Norma en play-back à l'Opéra de Monte-Carlo


Par Rédigé le 22/02/2016 (dernière modification le 21/02/2016)

Cécila Bartoli désacralise le rôle des rôles belcantiste.


Une Norma néo-réaliste qui vous happe et ne vous lâche plus

Photo courtoisie (c) Alain Hanel-OMC 2016

Norma Bartoli.mp3  (50.61 Ko)

Norma, prêtresse gauloise transposée dans une sorte de "Rome ville ouverte" avec accents alla Magnani, comme autant de clins d’œil, fallait oser!
Patrice Caurier et Moshé Leiser ont superbement relevé le défi et rarement le drame sentimental de la druidesse envers son occupant romain n'aura bouleversé à ce point. Voici trois ans, à Salzbourg, le spectacle avait un tantinet divisé modernes et classiques pour une petite bataille d'Hernani de haut vol.
Ici, sur la scène de Garnier, les images néo-réalistes, en de longs plans-séquences, s'enchaînent sans un temps morts.
Fini donc le péplum traditionnel et place à une histoire d'amour intemporelle de trahison, de sacrifice, comme il y en aura encore en ce temps qui sentent la poudre à canons.
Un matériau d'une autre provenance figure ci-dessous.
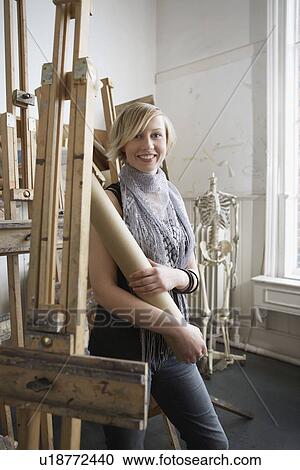Female student standing among easels in art college View Large Photo Image Stock Image - Female student standing among easels in art college. Fotosearch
Pour une Norma chef de réseau de résistance qui finira tondue, humiliée, mais purifiée dans un brasier gigantesque par ses compagnons de maquis très à cheval sur les principes.
Présenter "Norma" aujourd'hui est une gageure. A la fois scénique et vocale. C'est, ne le cachons pas un ouvrage difficile. Non seulement pour les protagonistes, mais aussi pour la présentation scénique où les risques de pompiérisme sont innombrables, et, pour la musique, où la simplicité de Bellini n'est qu'apparente... Ces lits d'accords largement arpégés sont bien plus redoutables que les traits brillants ou les complexités spectaculaires d'un tissu orchestral réalisé dans l'optique du théâtrale.
Concoctée sur mesure, dans tous le sens du terme, pour la sympathique diva italo-helvétique, cette vision hors norme, décapante (décors et costumes de Christian Fenouillat et Agostino Cavalca), reste toutefois toujours respectueuse du livret, le tout baignant dans une économie dramaturgique de bon aloi qui laisse à la musique toute sa place sans jamais en contrarier le cours impétueux.
On connaissait bien l'approche de la belle Cecilia envers ce que certains considèrent comme l'opéra des opéras belcantistes. Son disque (et nous en étions) avait soulevé enthousiasme... mais aussi quelques réserves. Le confort des studios est une chose, la vie scénique en est une autre.
Dans l'écrin confortable de la bonbonnière monégasque, cette Norma moderne, révolutionnaire, vous happe et ne vous lâche plus. Amoureusement soutenue par Diego Fasolis à la tête des Barocchisti, la diva, culottée et ambitieuse, prend le contre-pied de la tradition bellinienne.
Telle une prêtresse descendue de son piédestal, avec retour obligé à la tonalité d'origine (sauf erreur de notre part un bon ton plus bas) Cecilia nous murmure à l'oreille ses honteuses confidences, ses remords, ses furies, ses jalousies d'une liaison coupable qui trouvera dans l'immolation finale la plus belle des transfigurations.
Pour mieux nous restituer une Norma fragile, humaine, désacralisée, un être de chair, de sang, un peu comme vous et moi, mais toujours d'une force dramatique superbe de drapé antique.
On a craint un instant que devant tant de conviction et de probité musicale (les graves se moirent des accents du lied et les la au-dessus de la portée assurés crânement) que ses partenaires pâtissent de cette écrasante présence.
Glissons vite sur un Pollione aussi chaleureux vocalement qu'une tranche napolitaine, pour mieux saluer la performance des deux Adalgise.
Aphone, malade, Rebeca Olvera mime sur scène son rôle. Côté cour, Eva Mei chante à sa place. Un play-back réussi. Son timbre se marie à merveille avec celui de Norma, la voix est très séduisante et le personnage chanté aux bords des larmes. Tour de force, l'artiste a appris en 48 heures la partition d'origine.
Orovese sans problème de Peter Kalman, seconds rôles bien en place, chœur de la Radio Télévision Suisse Italienne, personnage à part entière, percutant comme toujours.
L'autre bonne surprise de la soirée est venue sans doute de l'orchestre I Barocchisti, dirigé par Diego Fasolis.
Dès l'ouverture on est séduit par l'équilibre des tempos énergiques choisis par le chef, un parti pris dramatique qui ne se dément jamais et donne tout au long du spectacle une véritable réplique aux chanteurs.
La partition originale de Bellini, jouée ici sur instruments anciens, semble presque savante sous cette baguette avertie.